In early 1900 very few Americans brushed their teeth. "When the government started drafting men for World War 1, so many recruits had rotting teeth that officials said poor dental hygiene was a national security risk. " (The Power of Habit, Charles Duhigg). While toothpaste was available at the time, it was rarely purchased as hardly anyone was brushing their teeth. At the same time, with the national economic growth, there was increased exposure and consumption of processed, sugary foods.
Claude Hopkins, one of the most prominent advertisers at that time, turned Pepsodent "into one of the best-known products on earth, and in the process, helped create a toothbrushing habit that moved across America with startling speed."
He created a powerful national campaign promoting Pepsodent toothpaste as the agent of the beauty which removes mucin plaque (tooth film) that normally builds up on our teeth.
His advertising campaigns were so powerful that by 1930 Pepsodent was sold internationally...
Fast forward to NOW: at this time there is strong scientific evidence which links poor oral health to heart disease, diabetes, osteoporosis, Alzheimer's disease amongst other illnesses and infections. Imagine, the health impact we would suffer if toothbrushing was not embraced as the habit?
Now, how does gratitude practice tie into this?
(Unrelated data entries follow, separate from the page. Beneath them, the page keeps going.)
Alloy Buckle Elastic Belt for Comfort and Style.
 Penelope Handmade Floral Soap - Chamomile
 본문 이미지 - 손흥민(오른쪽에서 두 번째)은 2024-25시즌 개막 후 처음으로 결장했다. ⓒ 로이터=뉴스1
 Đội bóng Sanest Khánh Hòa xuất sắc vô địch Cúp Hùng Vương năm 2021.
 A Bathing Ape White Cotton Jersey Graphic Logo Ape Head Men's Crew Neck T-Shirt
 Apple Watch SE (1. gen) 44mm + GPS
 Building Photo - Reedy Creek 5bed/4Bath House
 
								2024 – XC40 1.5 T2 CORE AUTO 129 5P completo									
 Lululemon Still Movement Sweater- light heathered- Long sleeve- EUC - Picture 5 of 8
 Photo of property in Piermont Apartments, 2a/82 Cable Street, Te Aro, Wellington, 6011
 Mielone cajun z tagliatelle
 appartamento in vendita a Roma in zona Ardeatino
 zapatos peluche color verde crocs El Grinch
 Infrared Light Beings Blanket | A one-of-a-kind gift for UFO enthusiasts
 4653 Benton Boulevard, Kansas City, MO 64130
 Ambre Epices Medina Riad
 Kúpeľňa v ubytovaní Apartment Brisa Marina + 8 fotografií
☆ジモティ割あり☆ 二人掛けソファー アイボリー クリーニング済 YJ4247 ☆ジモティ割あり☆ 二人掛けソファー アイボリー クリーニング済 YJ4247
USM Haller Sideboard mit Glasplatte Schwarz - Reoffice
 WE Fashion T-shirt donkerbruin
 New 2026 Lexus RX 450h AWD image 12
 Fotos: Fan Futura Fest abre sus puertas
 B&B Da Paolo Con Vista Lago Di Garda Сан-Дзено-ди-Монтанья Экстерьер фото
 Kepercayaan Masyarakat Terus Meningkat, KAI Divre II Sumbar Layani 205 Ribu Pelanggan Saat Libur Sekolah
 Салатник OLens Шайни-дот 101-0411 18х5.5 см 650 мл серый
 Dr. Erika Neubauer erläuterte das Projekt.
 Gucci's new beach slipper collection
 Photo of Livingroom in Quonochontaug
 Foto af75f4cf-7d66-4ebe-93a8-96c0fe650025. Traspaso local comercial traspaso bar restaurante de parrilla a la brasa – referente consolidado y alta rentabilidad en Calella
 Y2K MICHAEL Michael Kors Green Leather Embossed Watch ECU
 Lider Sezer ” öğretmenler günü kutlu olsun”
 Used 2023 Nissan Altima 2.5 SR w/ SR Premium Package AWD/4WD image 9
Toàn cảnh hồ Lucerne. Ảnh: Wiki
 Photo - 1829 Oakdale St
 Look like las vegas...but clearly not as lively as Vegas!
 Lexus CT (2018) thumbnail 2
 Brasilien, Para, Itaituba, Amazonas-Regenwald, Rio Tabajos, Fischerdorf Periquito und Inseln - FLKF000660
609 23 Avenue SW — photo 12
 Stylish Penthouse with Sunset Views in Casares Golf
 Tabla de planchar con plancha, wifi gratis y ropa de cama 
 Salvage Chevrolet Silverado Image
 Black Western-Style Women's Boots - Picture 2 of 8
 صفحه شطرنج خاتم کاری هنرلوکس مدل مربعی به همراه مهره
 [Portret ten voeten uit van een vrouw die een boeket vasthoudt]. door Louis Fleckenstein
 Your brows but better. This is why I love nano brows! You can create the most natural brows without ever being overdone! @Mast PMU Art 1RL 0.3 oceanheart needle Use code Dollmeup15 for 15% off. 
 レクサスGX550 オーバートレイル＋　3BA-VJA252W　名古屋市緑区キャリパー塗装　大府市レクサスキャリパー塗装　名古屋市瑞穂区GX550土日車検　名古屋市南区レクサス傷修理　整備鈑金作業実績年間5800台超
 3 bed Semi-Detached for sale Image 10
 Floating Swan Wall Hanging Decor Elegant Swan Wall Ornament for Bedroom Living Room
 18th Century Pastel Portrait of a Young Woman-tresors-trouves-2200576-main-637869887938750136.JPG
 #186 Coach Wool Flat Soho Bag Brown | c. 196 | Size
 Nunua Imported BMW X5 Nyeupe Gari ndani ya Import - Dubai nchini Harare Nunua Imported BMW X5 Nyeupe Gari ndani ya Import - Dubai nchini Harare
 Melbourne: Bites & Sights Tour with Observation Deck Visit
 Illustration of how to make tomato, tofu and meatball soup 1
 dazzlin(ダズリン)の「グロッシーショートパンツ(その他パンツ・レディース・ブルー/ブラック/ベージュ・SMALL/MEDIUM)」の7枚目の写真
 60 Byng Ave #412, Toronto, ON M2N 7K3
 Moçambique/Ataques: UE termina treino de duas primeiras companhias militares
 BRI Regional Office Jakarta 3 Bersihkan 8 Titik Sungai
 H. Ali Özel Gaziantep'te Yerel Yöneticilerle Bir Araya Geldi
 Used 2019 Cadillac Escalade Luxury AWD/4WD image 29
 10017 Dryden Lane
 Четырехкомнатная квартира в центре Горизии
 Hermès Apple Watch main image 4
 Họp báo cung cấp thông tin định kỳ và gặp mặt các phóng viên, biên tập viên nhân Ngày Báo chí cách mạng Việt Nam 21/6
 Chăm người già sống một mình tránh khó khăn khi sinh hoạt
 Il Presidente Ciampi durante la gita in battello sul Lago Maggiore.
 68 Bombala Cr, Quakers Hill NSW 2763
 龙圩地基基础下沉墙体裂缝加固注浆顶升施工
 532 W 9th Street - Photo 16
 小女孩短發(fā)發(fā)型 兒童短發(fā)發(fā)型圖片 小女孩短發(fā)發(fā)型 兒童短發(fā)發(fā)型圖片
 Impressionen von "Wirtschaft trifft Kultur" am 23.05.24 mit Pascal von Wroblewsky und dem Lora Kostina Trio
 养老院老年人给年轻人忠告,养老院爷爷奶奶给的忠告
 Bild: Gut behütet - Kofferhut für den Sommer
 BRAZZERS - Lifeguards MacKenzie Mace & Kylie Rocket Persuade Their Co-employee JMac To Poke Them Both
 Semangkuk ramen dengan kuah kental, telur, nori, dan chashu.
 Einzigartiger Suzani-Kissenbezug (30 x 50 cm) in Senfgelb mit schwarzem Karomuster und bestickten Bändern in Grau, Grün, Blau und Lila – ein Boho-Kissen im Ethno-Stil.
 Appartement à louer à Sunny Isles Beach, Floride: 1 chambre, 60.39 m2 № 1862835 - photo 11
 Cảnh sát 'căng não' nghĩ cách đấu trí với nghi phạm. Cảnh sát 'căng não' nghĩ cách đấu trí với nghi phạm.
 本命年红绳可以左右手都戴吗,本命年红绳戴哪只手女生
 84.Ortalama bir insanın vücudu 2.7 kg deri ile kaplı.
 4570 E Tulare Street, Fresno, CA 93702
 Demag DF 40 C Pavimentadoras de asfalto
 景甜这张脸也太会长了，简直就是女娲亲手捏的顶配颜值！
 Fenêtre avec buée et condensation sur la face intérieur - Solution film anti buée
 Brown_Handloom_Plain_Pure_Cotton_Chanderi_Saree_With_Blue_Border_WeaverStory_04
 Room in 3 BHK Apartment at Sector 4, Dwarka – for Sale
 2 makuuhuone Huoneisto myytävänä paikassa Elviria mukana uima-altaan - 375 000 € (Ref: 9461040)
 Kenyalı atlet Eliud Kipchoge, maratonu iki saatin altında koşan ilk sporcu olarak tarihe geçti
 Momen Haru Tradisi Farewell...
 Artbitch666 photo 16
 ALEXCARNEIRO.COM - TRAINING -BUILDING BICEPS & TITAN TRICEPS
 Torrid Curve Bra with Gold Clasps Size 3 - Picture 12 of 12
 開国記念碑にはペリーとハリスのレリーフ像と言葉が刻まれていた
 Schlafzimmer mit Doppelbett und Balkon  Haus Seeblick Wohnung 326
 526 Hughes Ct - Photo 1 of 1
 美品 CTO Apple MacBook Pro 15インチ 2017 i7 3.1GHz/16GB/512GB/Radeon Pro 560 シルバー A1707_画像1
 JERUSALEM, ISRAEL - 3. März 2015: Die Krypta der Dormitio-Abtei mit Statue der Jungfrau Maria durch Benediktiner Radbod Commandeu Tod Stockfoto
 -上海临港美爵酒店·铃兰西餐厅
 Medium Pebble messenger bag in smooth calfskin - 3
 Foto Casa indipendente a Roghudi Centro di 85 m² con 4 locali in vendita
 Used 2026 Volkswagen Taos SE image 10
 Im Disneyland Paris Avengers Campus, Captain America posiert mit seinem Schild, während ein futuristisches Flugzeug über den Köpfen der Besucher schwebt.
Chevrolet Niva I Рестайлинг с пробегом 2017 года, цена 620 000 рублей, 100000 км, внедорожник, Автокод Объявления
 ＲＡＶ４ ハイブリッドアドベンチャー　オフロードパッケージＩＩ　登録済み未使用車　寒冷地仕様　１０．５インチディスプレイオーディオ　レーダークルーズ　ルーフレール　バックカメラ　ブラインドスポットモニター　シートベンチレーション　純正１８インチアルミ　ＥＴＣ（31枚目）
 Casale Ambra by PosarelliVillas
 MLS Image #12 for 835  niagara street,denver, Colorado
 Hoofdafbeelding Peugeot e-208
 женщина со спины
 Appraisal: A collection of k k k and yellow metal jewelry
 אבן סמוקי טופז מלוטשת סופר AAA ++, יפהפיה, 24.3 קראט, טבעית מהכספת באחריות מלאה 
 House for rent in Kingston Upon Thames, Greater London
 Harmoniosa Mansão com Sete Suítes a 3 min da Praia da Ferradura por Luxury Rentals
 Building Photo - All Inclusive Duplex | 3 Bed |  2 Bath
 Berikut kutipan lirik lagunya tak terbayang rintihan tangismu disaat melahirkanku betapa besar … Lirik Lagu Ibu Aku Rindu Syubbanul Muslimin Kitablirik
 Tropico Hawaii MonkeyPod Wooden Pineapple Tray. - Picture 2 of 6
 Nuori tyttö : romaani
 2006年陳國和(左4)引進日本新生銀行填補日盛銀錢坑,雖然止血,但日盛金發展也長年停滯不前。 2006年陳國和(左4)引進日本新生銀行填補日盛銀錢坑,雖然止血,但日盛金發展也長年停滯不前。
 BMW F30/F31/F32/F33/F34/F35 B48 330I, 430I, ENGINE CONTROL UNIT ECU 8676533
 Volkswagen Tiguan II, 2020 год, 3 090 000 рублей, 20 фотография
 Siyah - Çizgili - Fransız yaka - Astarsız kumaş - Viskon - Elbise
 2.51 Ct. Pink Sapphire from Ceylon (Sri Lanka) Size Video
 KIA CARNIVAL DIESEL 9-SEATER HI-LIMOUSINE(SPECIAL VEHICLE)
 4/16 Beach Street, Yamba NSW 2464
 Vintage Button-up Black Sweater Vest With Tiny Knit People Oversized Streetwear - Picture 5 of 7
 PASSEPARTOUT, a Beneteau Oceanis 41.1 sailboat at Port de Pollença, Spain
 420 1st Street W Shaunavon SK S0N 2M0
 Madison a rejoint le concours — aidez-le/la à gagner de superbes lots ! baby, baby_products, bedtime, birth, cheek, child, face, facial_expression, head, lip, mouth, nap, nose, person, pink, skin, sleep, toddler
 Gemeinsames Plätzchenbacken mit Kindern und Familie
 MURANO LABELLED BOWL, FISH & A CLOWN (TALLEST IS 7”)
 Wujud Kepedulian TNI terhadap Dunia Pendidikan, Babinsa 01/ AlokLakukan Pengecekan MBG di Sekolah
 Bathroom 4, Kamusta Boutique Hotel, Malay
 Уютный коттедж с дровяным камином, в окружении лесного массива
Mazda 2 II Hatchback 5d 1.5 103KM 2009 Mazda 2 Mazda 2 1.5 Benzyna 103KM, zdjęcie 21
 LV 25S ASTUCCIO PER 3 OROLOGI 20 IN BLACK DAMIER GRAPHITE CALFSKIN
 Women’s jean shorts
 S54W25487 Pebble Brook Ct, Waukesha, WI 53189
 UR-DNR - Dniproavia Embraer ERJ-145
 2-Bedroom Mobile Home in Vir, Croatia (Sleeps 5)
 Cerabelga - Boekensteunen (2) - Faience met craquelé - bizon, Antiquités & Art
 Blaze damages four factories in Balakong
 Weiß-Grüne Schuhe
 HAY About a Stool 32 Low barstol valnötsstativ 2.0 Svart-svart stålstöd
Just like toothbrushing, gratitude practice is a HABIT.
By practicing it only for a few minutes in the morning and the evening, it helps remove "the film" or "cloudiness" from your daily experiences. As a result, you begin to view life thru the lens of appreciation.
Scientifically we know gratitude practice helps release "happy" neurotransmitters like dopamine, serotonin, oxytocin and some others which have been linked to an increase in happiness, better sleep, less anxiety and depression with an overall boost to your well-being.
Gratitude simply has a positive transformative effect on your human experience.